Many methods have been proposed to find a partition according to a dissimilarity-based homogeneity criterion, but in our case, it is necessary to impose contiguity constraints (in the covariate space). Such restrictions are needed because the objects in a cluster are required not only to be similar to one other but also to comprise a contiguous set of objects. How to create contiguous set of objects?

A first approach consists in defining a contiguity matrix $\textrm{C}=\left(c_{ij}\right) $ where $c_{ij}=1$ if the i-th and the j-th objects are regarded as contiguous, and 0 if they are not. A cluster C is then considered to be contiguous if there is a path between every pair of objects in C (the subgraph is connected). Several classical clustering algorithms have been modified to take into account this type of constraint. A survey of some of these methods can be found in Murtagh (Reference Murtagh1985) and in Gordon (Reference Gordon1996). When considering the ordinary hierarchical clustering procedure as a particular case, the relational constraints introduced by the contiguity matrix can however lead to reversals (i.e., inversions, upward branchings in the tree). It was proven that only the complete link algorithm is guaranteed to produce no reversals. Recent implementation of strict constrained clustering procedures is available in the R package constr.hclust (Legendre, Reference Legendre2011).

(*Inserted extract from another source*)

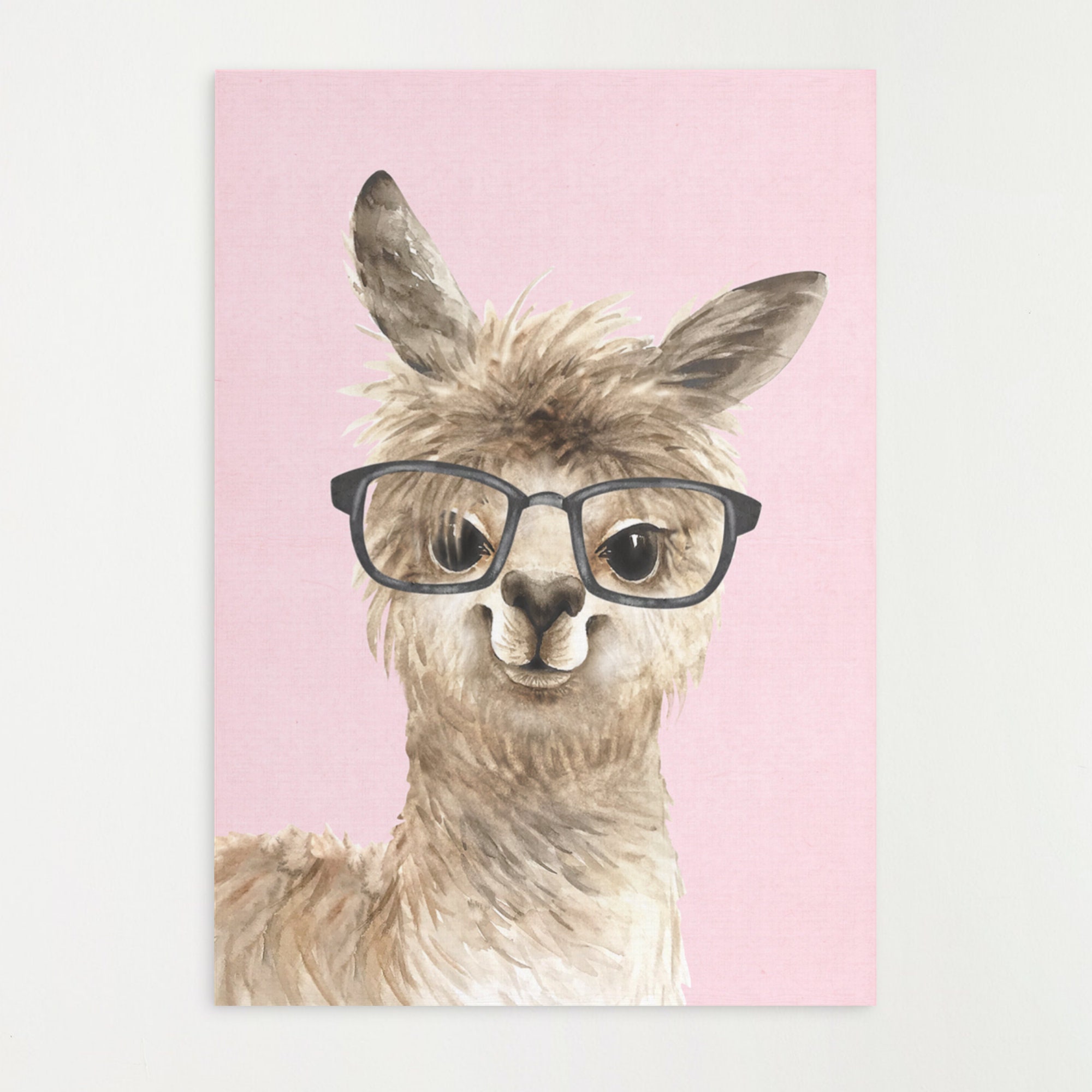 funny llama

A second approach consists in introducing soft contiguity or spatial constraints. It has been proposed to run clustering algorithms on a modified dissimilarity matrix which would be a combination of the matrix of spatial distances and the dissimilarity matrix computed from non-spatial variables. According to the weight given to the spatial dissimilarities in this combination, the solution will have more or less spatially contiguous clusters. A typical example is the Ward-like hierarchical clustering algorithm including spatial/geographical constraints proposed in Chavent et al. (Reference Chavent, Kuentz-Simonet, Labenne and Saracco2018). The authors introduce two dissimilarity matrices $D_{0}$ and $D_{1}$ and consider a convex combination as the criterion to minimize. The first matrix gives the dissimilarities in the feature space, and the second matrix gives the dissimilarities in the spatial space. The value of the weight parameter $\gamma \in \lbrack 0,1]$ is determined to increase the spatial contiguity without deteriorating too much the quality of the solution based on the variables of the feature space. The procedure is available in the R package ClustGeo (Chavent et al., Reference Chavent, Kuentz-Simonet, Labenne and Saracco2018).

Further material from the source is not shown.